● **How to complete this task**: Copy the listing exactly as given. Omit every picture.

● **Provided material**:
------------------------------------

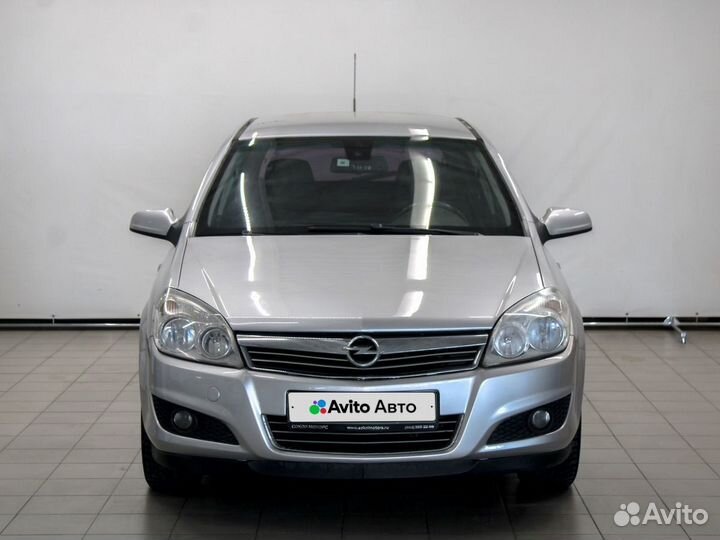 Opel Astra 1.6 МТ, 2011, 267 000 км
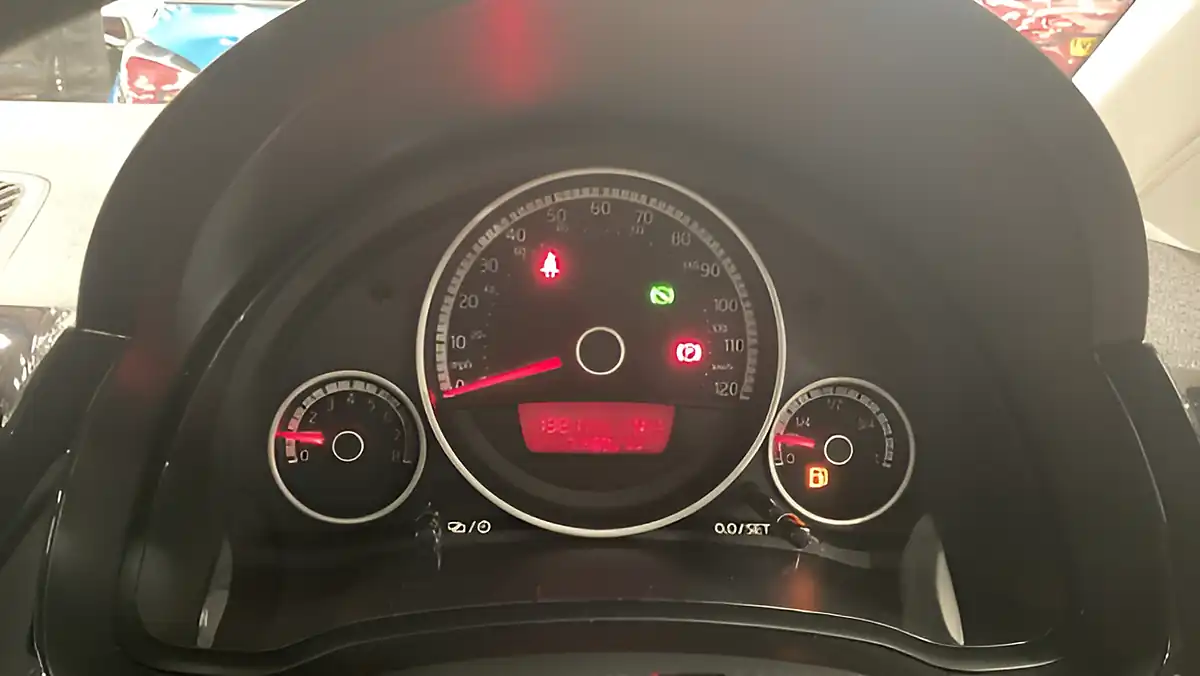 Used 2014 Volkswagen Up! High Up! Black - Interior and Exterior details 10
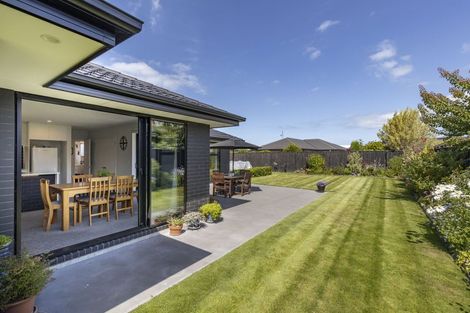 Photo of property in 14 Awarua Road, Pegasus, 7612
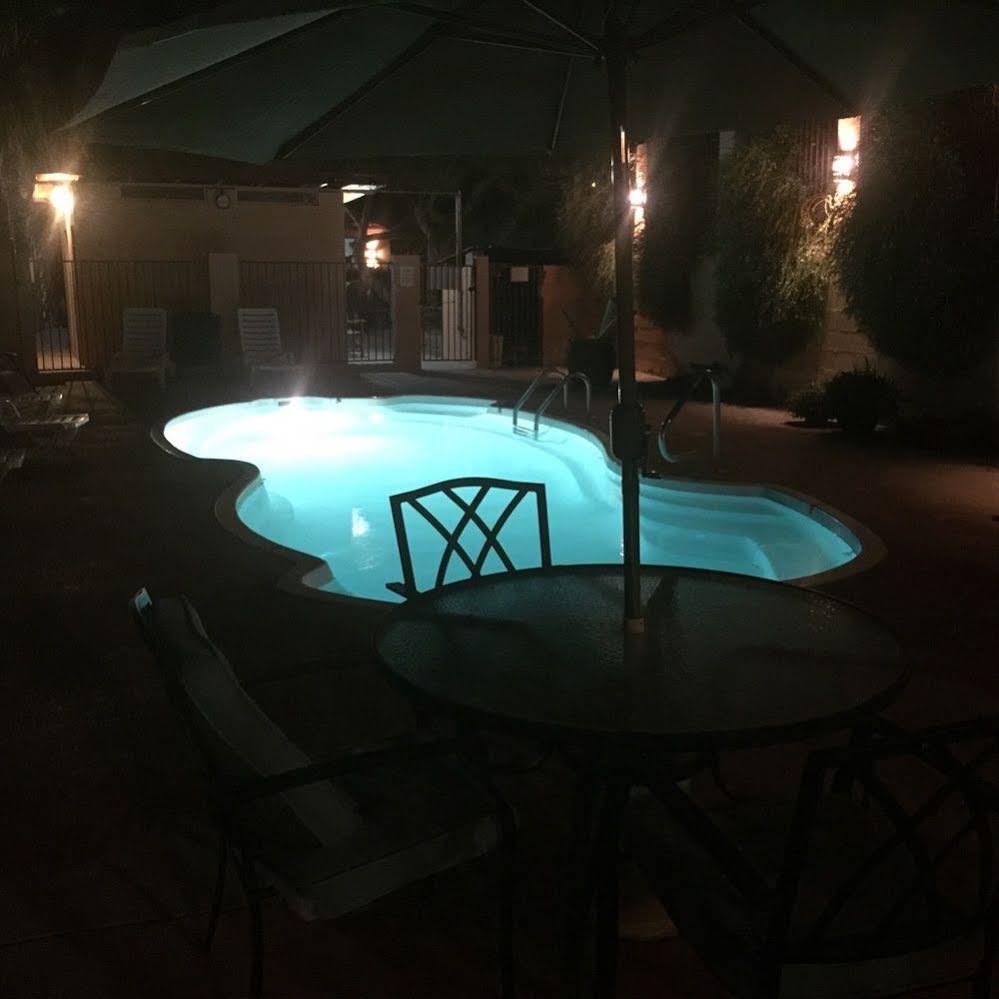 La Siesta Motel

------------------------------------

● **Exercise answer**:
 Opel Astra 1.6 МТ, 2011, 267 000 км
 Used 2014 Volkswagen Up! High Up! Black - Interior and Exterior details 10
 Photo of property in 14 Awarua Road, Pegasus, 7612
 La Siesta Motel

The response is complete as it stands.